The Mortgage Bankers Association has proposed a solution to the warehouse lending shortage, which has pushed many smaller mortgage bankers to the brink despite the recent pickup in loan origination volume.
Warehouse lending, which provides short-term funding to smaller, independent mortgage bankers so they can compete with the likes of larger depository banks and mortgage lenders, has dwindled since the mortgage crisis took hold.
“In the last two years, warehouse lending capacity has been dramatically reduced, from $200 billion in 2007 to between $20 and $25 billion today,” the MBA said in a release.
“Independent mortgage bankers, who represent 40 percent of mortgage origination capacity, rely on warehouse funding to close their loans. Without adequate warehouse credit, they are unable to serve their customers.”

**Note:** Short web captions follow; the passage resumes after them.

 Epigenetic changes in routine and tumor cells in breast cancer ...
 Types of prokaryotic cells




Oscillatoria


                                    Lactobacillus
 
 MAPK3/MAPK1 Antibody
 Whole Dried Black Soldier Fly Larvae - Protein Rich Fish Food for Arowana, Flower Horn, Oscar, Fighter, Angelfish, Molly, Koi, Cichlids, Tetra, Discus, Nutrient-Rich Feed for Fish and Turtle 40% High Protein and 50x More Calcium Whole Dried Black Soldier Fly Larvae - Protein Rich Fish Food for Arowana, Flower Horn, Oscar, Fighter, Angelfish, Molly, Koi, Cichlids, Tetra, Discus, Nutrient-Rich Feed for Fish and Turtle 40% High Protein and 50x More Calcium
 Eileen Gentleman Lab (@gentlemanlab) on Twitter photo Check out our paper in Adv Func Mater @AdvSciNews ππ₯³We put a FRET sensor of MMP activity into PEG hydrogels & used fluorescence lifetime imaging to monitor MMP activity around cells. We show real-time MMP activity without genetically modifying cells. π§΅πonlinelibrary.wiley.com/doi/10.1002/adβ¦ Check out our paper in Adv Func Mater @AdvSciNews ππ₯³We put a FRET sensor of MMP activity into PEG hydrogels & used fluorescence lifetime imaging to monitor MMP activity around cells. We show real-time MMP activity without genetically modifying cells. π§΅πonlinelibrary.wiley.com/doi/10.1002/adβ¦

Part of the reason warehouse lenders have pulled out of the market is because of risk-based capital (RBC) rules that treat warehouse lines of credit as commercial loans, assigning them to the 100 percent risk-weighted asset category.
As a result, banks are exiting warehouse lending to improve their risk-based capital positions, replacing warehouse assets with comparable whole mortgage loans that enjoy more favorable RBC treatment.
To resolve this problem, the MBA has suggested the new risk-weightings be slashed so they’re essentially aligned with risks comparable to conventional loan and government-insured mortgage exposures.
The proposal focuses on the GSEs, along with FHA loans and VA loans; the MBA is also crafting a solution for private label residential, commercial, and multifamily loans to address the warehouse line shortage.
In 2007, there were approximately 90 warehouse lenders in operation; today, roughly 10 warehouse lenders remain.
Mortgage brokers, who have essentially been shut out of the market in the past year, have turned to mortgage banking as a viable funding alternative.